We did a Wyndham sampler package one time because it we wanted to book a week on the Big Island and it was a cost competitive way to do that by itself.  IN addition it gave us a window to decide if we wanted to stay with DRI or move to Wyndham.


----------



## TUGBrian (Mar 29, 2016)

they are one of the only major developers to have an official deedback program for owners who cant sell and want out!


----------



## JudyS (Mar 29, 2016)

T_R_Oglodyte said:


> ....
> We are resale purchasers in the DRI system.  We have also strategically made developer purchases from DRI where we perceived that the incremental benefits obtained were worth the incremental cost. But we did so with eyes wide open....


Steve, what were the benefits that enticed you to make developer purchases? I am not familiar with DRI. I'd expect some really good benefits before an expert Tugger such as you paid developer prices.


----------



## artringwald (Mar 29, 2016)

DRI complaint #1 seems to be their sales tactics. Many have had unpleasant an experience when they attended a presentation and didn't buy, and buyers have had regrets when they discover they were deceived or lied to. What I don't know is if the DRI sales tactics are worse than other timeshare companies. The solution is not to attend presentations unless you're sure you're well informed and are also resistant to the tactics they're certain to use.

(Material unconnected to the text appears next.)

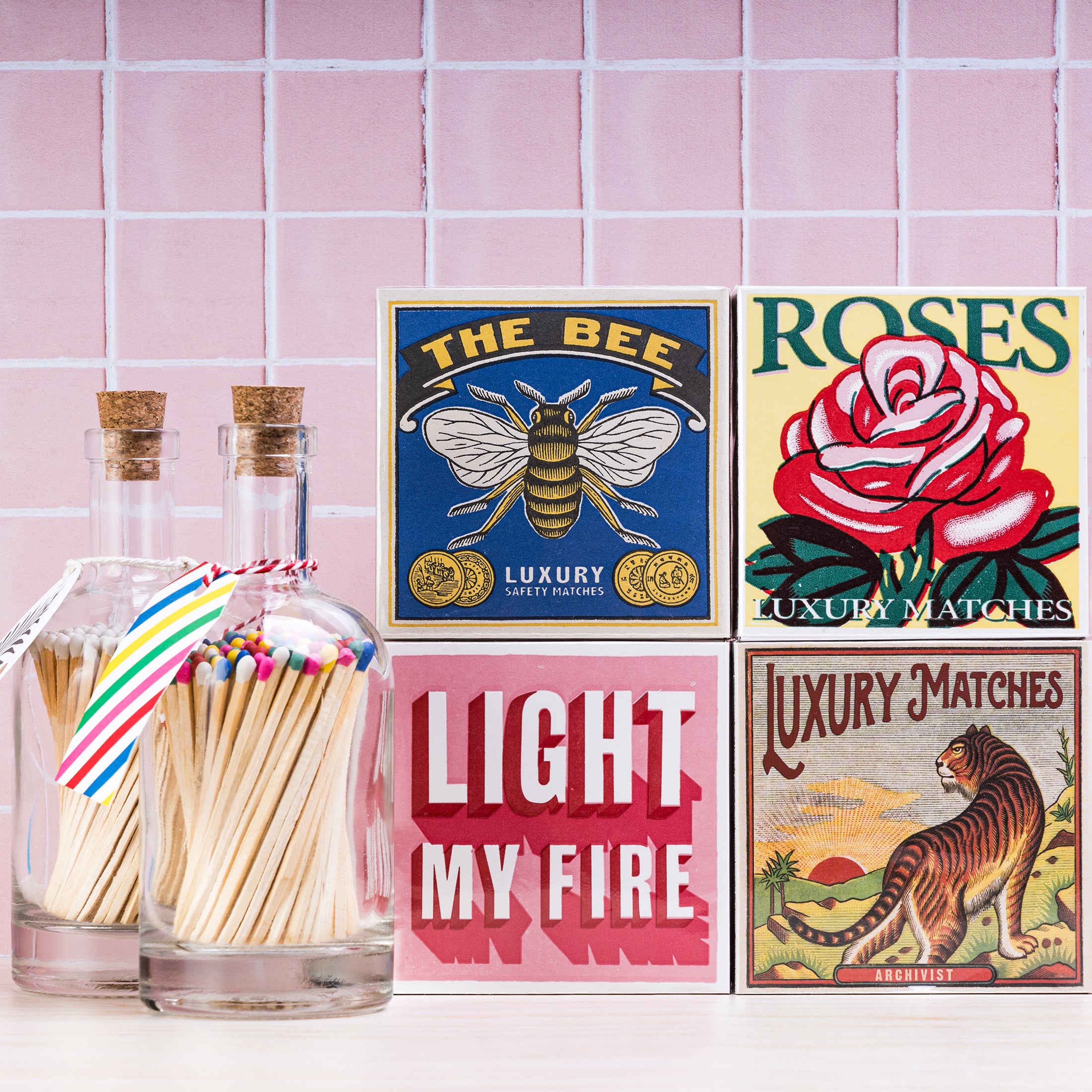 Herring & Bones - Concept Store Joyeux - Archivist Gallery - Allumettes - Boîte d'allumettes "The Bee"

DRI complaint #2 is their reputation for buying up other timeshare companies. We bought from Sunterra back in 2004. Sunterra wanted to kept the maintenance fees low, to make it easier to sell the timeshares, but they tended to neglect the upkeep of the properties and weren't good at managing their own expenses. They were headed to bankruptcy. DRI came in, increased the MF's, but also worked to get the properties back into good shape. I believe this scenario has been repeated for several other timeshare companies.

DRI complaint #3 - the MF's are too high. The fees for deeded weeks at DRI owned properties seem to be reasonable. The fees for points go up because DRI charges a considerable amount for managing the trust that is set up for each collection of resorts. Owners are willing to pay extra because the points program is quite convenient to use. When combined with membership in The Club, you can book any number of days, saved unused points to the next year, borrow points from the next year, get discounts for last minute bookings, and use points for for cruises, airfare, hotel, and car rentals. The more points you own, the more benefits and perks are available. Just keep in mind that if you buy resale, The Club membership is not transferable.

Why do we like DRI? The employees at the resorts (that aren't in sales) have always been friendly and helpful. DRI seems to treat their employees fairly, and we see the same smiling faces year after year. The rooms are always clean, the grounds are well maintained, and the kitchens are well equipped. As they acquire more properties, there's more choices for places to stay.


----------



## dougp26364 (Mar 29, 2016)

Mole351 said:


> Hi all. I hope this is the right place to post this.
> 
> My wife and I went to a sales pitch for a DRI timeshare.  We have no experience with timeshares and were told by a friend what to expect (we did not have any intention of purchasing going into it).  The sales pitch went exactly how we were told it would go...but in the process thought the Sampler actually sounded good and we were honestly excited about possibly buying in after that.
> 
> ...



Anything good to say? They have a good system using points to reserve timeshare units in a great variety of places. Overall they have consistent quality that can be relied on. They're online owner site is one of the better sites making it easy to search for and book reservations. 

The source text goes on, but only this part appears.